As a Senior Data Analyst you will act as a business partner to our Finance, Front Office, Investor Relations and IT teams. Reporting to the Senior Manager Data, Intelligence, & Analytics, the role has a broad remit with opportunity to deliver on extensive change programme, shaping scalable data solutions and building the future.


Finance support and transformation

  • Working with wider finance team on commercial projects enhancing the team’s capabilities in interacting with data, ensuring effective use is made of technology in place, and reporting service is built in an effective manner for wider use across the business
  • Generate time savings in key processes in order for the Finance team to take on additional volume and complexity through process redesign and use of automation tools

Data driven decision making

  • Data interpretation and presentation is key to continually improve data, gain insight, and affect strategic decisions at Senior levels. This involves forming strong understanding of our data, and ability to build visualisations, charts, and interactive dashboards for wider business consumption through Qlik and other platforms
  • Support the DIA team objective to improve data literacy across the organisation through structures programs that will involve working cross teams

Solution Design, Project Management

  • Technical expert, in Databricks, Azure, Python, and/or SQL, to focus on process improvement, automation, and aspects of data engineering including solution design
  • Working primarily with financial stakeholders shaping Coller Capitals business dealing with Private Wealth, Investor Relations, and Treasury, helping to remedy pain points, adding value and overhauling manual work and limited outputs

Technology assessment and integration

  • Supporting the DIA team in its goal to assess market leading technology, with a view to ensuring the business adopts the right technology for its future strategic direction as well as making best use of technologies already available
  • Assessment of new technology and tools to cater for new processes and to build better insight. This will entail building a strong understanding of all products and ensuring system compatibility

Essential experience

  • Strong organisational and motivational skills, with excellent attention to detail
  • University graduate in an analytical related subject with a minimum of a 2:1 pass
  • Minimum of 5 years’ experience working in an analytics/intelligence function, preferably within the asset management or wider financial services sectors
  • Extensive Databricks, Python, or SQL
  • Experience of working on Qlik platform, or a similar BI tool with ability to present data with end user in mind
  • Managing cross team project work focussing on process improvement, automation and solution design
  • Effective communication methods.
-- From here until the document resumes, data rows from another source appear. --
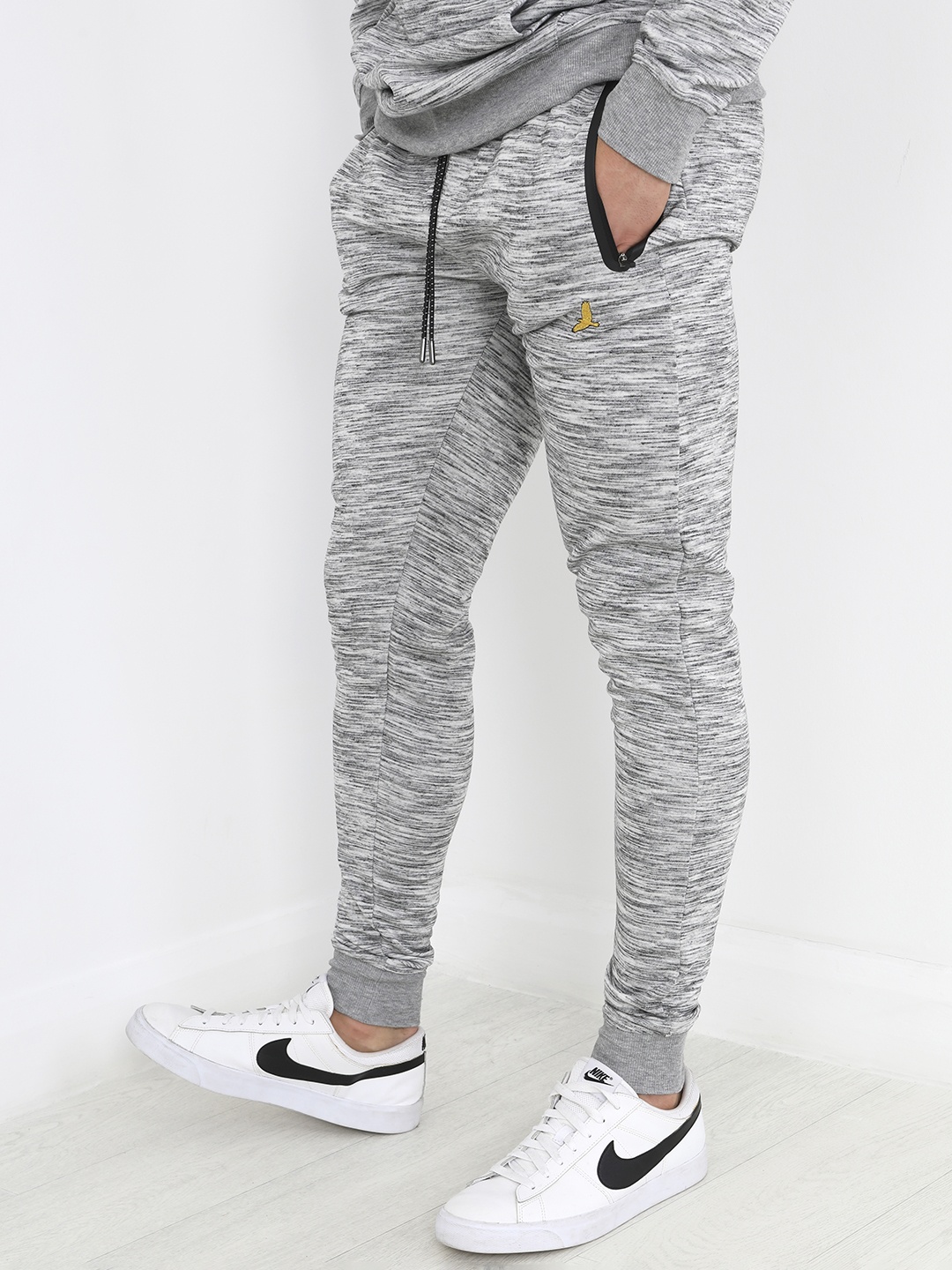 

BRAVE SOUL Men Slim Fit Printed Joggers, Grey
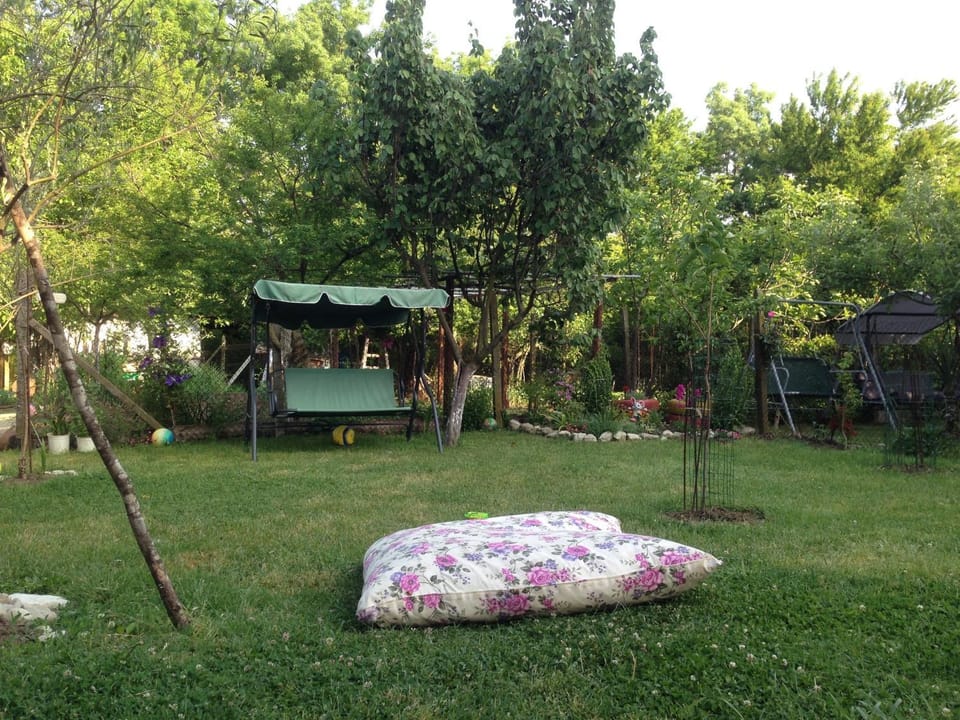 Guest House Kostadinovi Bed and Breakfast in Burgas Province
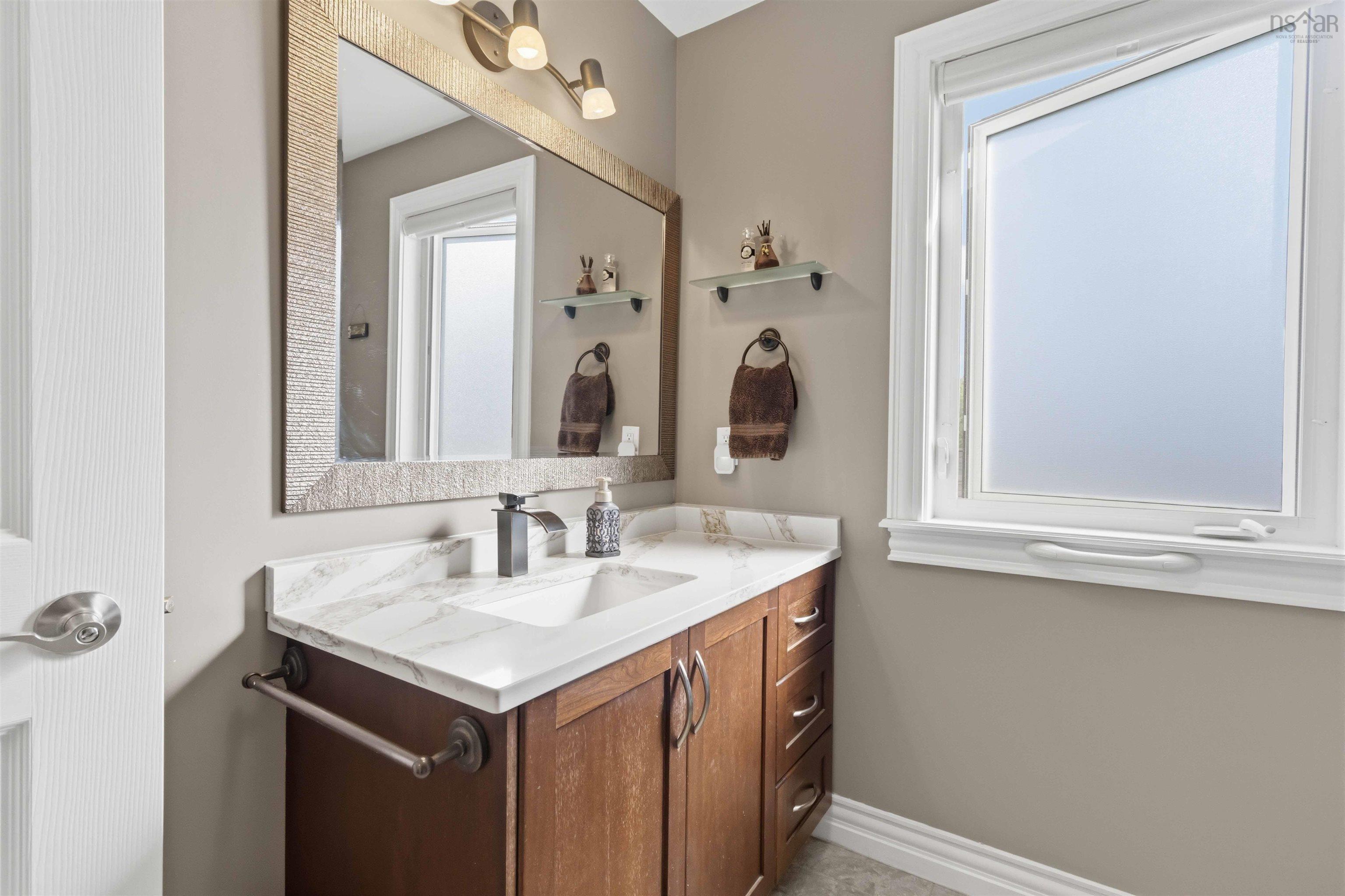 $759,900.00: 16 Boutiliers Lane, Dartmouth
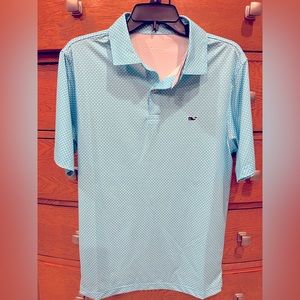 VINEYARD VINES NEW LIGHT BLUE PERFORMANCE POLO (CHECK FOR MORE IN MY CLOSET)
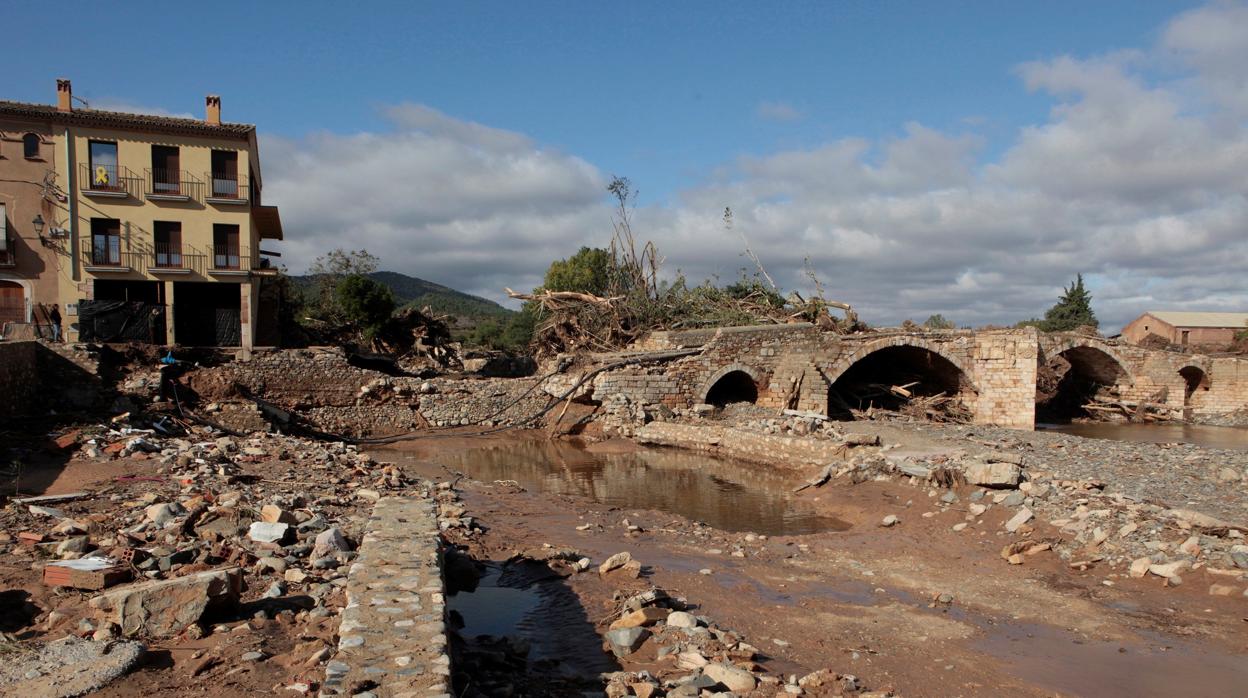 La riada ha dañado el puente del siglo XII de Montblanc (Tarragona)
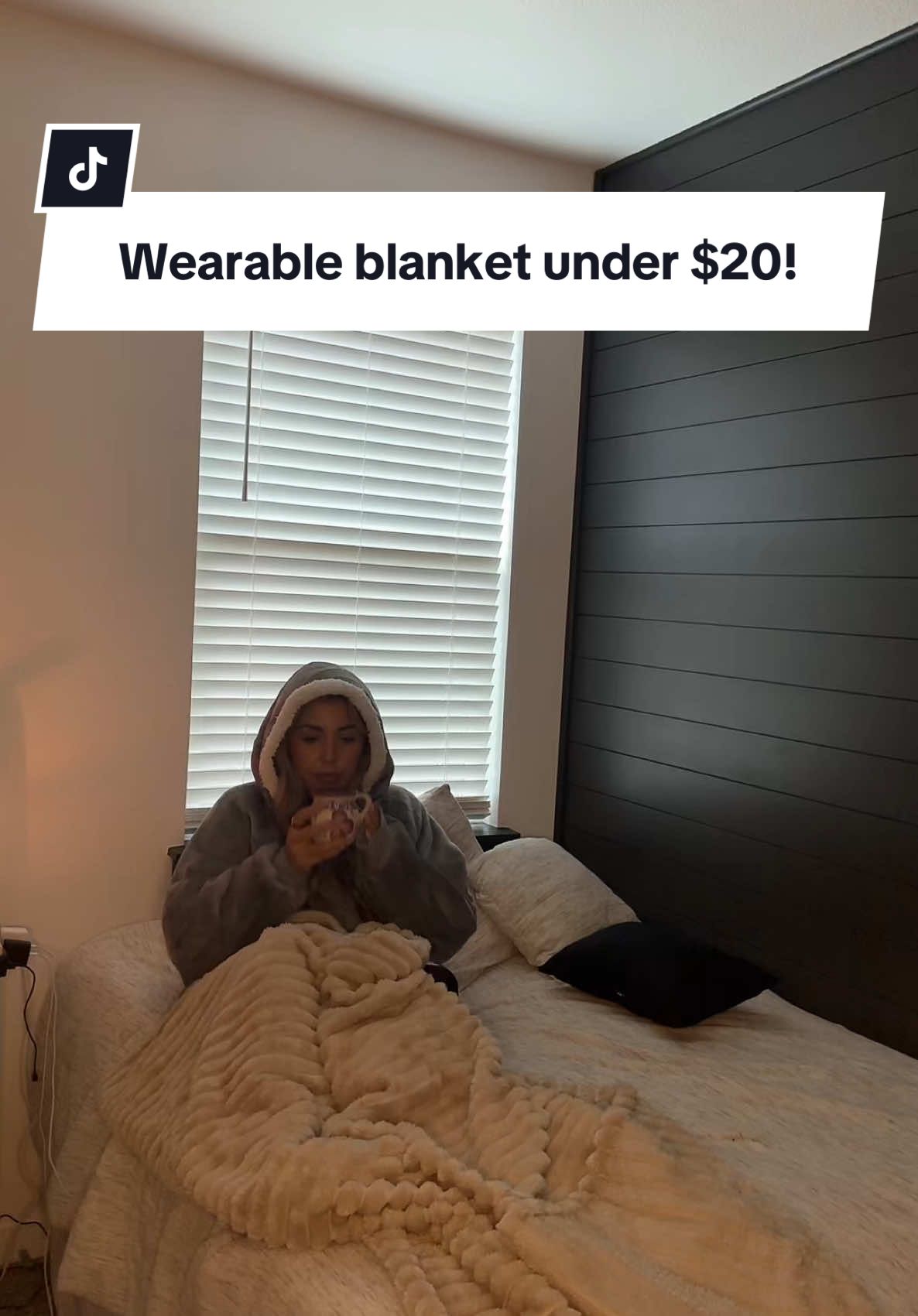 LIVING in my #bedsure wearable blanket all winter long #tiktokblackfriday #tiktokcybermonday #tiktokholidayhaul #tiktokshop #fyp @Bedsure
Confidence to scope asks and work through others where appropriate
  • Very strong excel skills (including ability to write macros, or other coding experience)
  • Experience of interrogating large datasets and performing range of analyses
  • Passion for technology/automation

Desirable

  • Experience of working with and managing outsource providers
  • Private Equity exposure
  • Strong senior stakeholder interaction
  • Experience in leveraging AI technologies
  • Demonstration of commercial mindset and impact
  • Power BI exposure

Competencies

  • Excellent interpersonal skills, to create, develop and maintain strong business relationships with internal and external stakeholders. Tailors communication style to audience, translating technical understanding
  • Ability to identify efficiencies and complete work to drive change
  • Strong quantitative and analytical skills and judgement – ability to quickly analyse data to determine a problem statement, identify key insights, and apply them to the business
  • Ability to work collaboratively in a growing, fast-paced environment, prioritise effectively, and manage multiple competing tasks within deadlines
  • Ability to take ownership for significant areas of allocated work and deliver with minimal supervision showing an accountable and proactive approach, working effectively with management to ensure they are aware of any changes
  • Highly motivated and resilient, capable of managing changing priorities. Adaptable and proactive, entrepreneurial, with a desire to make a difference
  • Active interest in development of team members in the context of projects. Shows ability to enhance skills in others
  • Looks for new ways to apply knowledge in team and consistently expands knowledge, growing specific skills

For more information, visit www.collercapital.com.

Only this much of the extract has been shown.